Physics-informed neural networks (PINNs) are often selected by a single scalar loss even when the quantity of interest is more specific. We study a hybrid design in which the governing PDE residual remains automatic-differentiation (AD) based, while finite differences (FD) appear only in a weak auxiliary term that penalizes gradients of the sampled residual field. The FD term regularizes the residual field without replacing the PDE residual itself. We examine this idea in two stages. Stage 1 is a controlled Poisson benchmark comparing a baseline PINN, the FD residual-gradient regularizer, and a matched AD residual-gradient baseline.

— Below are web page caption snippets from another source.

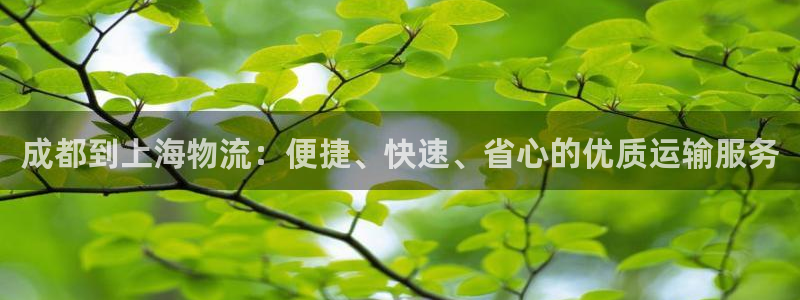 28圈人工客服电话是什么：成都到上海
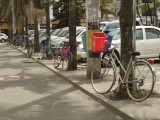 Ciclas por doquier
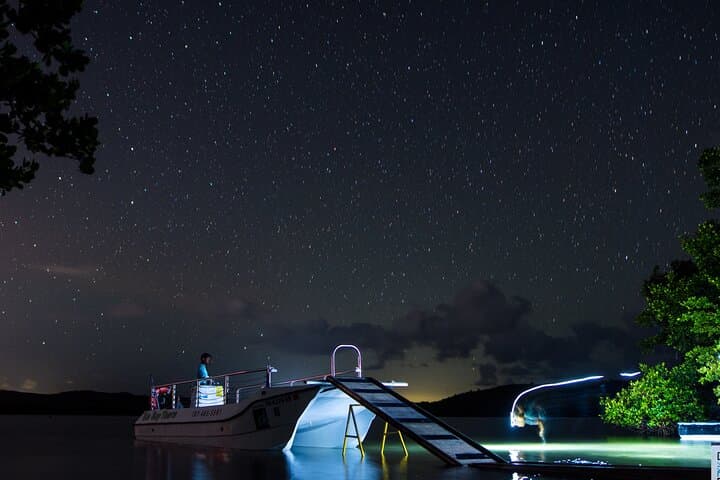 Mosquito Bay Bioluminescent Boat Tour — Vieques Electric Catamaran Experience photo 1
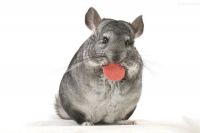 女鼠男羊大可以在一起吗 1991属羊为什么都有二婚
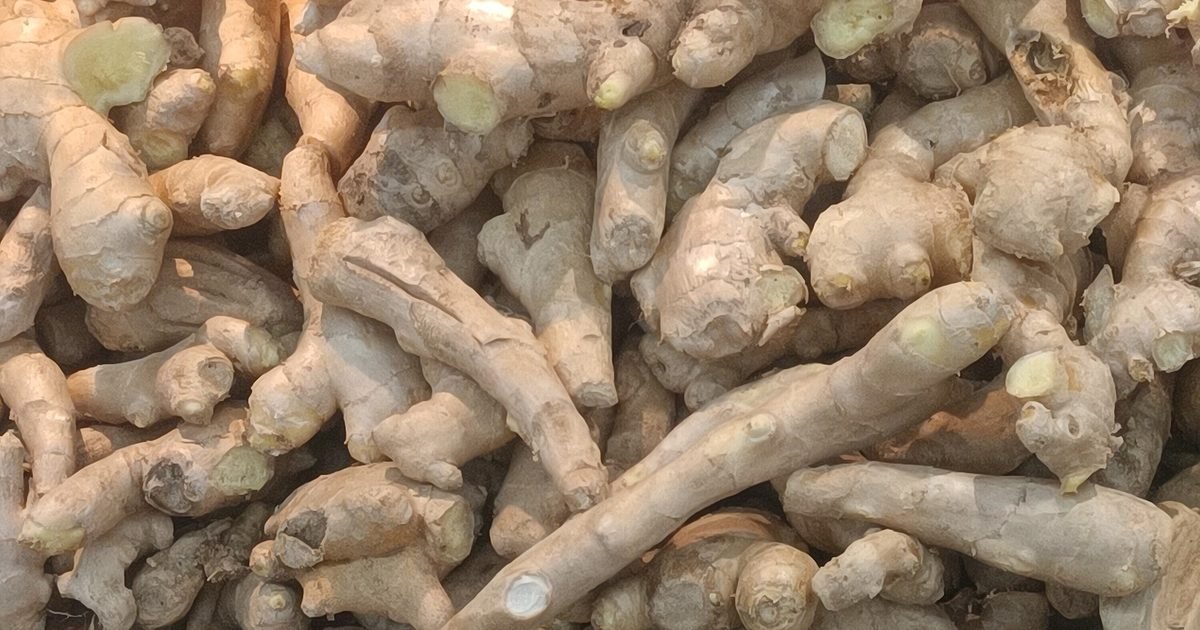 Ginger for nausea: what the evidence says and how to use it safely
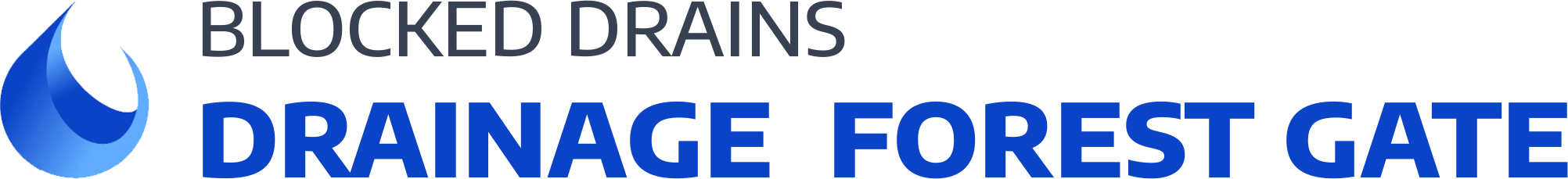 website logo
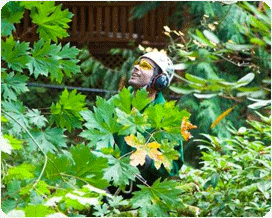 Shrub Trimming Seattle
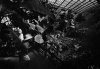 jungle tropicale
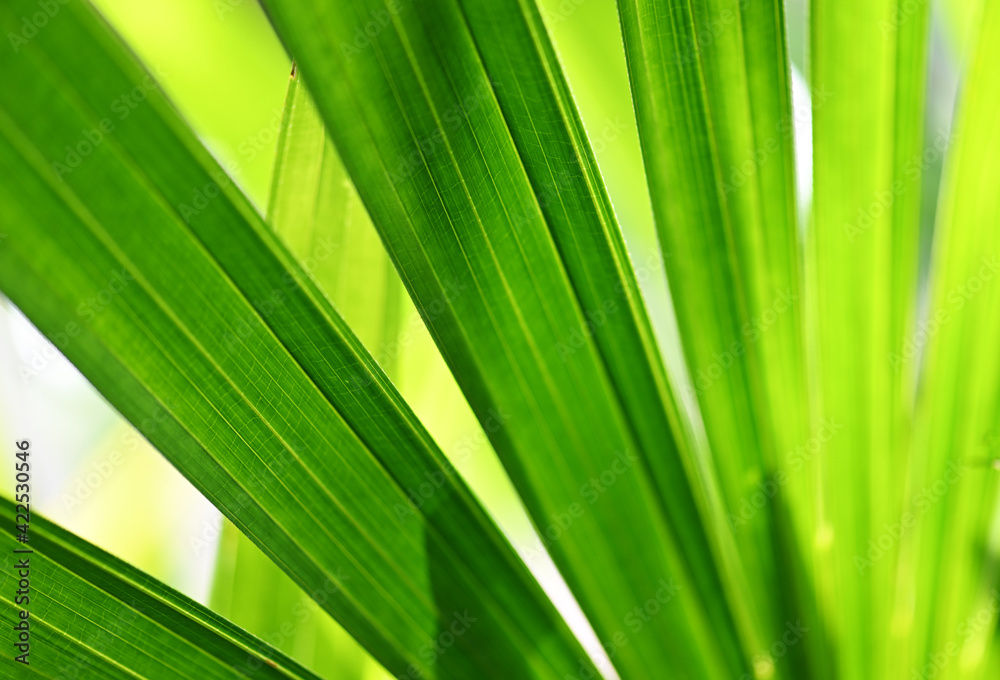 Tropical palm leaf natural jungle background Tropical palm leaf natural jungle background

Stage 2 transfers the same logic to a three-dimensional annular heat-conduction benchmark (PINN3D), where baseline errors concentrate near a wavy outer wall and the auxiliary grid is implemented as a body-fitted shell adjacent to the wall. In Stage 1, the FD regularizer reproduces the main effect of residual-gradient control while exposing a trade-off between field accuracy and residual cleanliness. In Stage 2, the shell regularizer improves the application-facing quantities, namely outer-wall flux and boundary-condition behavior. Across seeds 0-5 and 100k epochs, the most reliable tested configuration is a fixed shell weight of 5e-4 under the Kourkoutas-beta optimizer regime: relative to a matched run without the shell term, it reduces the mean outer-wall BC RMSE from 1.22e-2 to 9.29e-4 and the mean wall-flux RMSE from 9.21e-3 to 9.63e-4. Adam with beta2=0.999 becomes usable when the initial learning rate is reduced to 1e-3, although its shell benefit is less robust than under Kourkoutas-beta. Overall, the results support a targeted view of hybrid PINNs: an auxiliary-only FD regularizer is most valuable when it is aligned with the physical quantity of interest, here the outer-wall flux.

翻译：物理信息神经网络（PINNs）常通过单一标量损失函数进行优化，即便实际关注的目标量具有更精细的物理特性。本文研究了一种混合设计：控制方程残差仍基于自动微分（AD），而有限差分（FD）仅以弱辅助项形式出现，用于惩罚采样残差场梯度。该FD项在不替代PDE残差本身的前提下，对残差场进行正则化。我们分两阶段验证该思想：第一阶段，在可控泊松问题基准测试中比较标准PINN、FD残差梯度正则化方法及匹配的AD残差梯度基线；第二阶段，将相同逻辑迁移至三维环形热传导基准（PINN3D），其中基线误差集中于波浪形外壁面附近，辅助网格采用贴附壁面的体拟合壳层实现。结果表明，在第一阶段，FD正则化复现了残差梯度控制的主要效果，但暴露出场精度与残差纯净度之间的权衡关系；在第二阶段，壳层正则化改善了外壁面热流与边界条件行为等面向应用的物理量。使用不同随机种子（0-5）及10万轮训练后，最可靠的配置为Kourkoutas-beta优化器配合固定壳层权重5e-4：相较于无壳层项的匹配实验，外壁面边界条件均方根误差（BC RMSE）从1.22e-2降至9.29e-4，壁面热流均方根误差从9.21e-3降至9.63e-4。当初始学习率降至1e-3时，采用beta2=0.999的Adam优化器亦可胜任，但其壳层收益的稳健性弱于Kourkoutas-beta策略。综合而言，实验结果支持混合PINNs的目标导向观点：当仅含辅助项的FD正则化与关注的物理量（此处为外壁面热流）对齐时，其价值最为显著。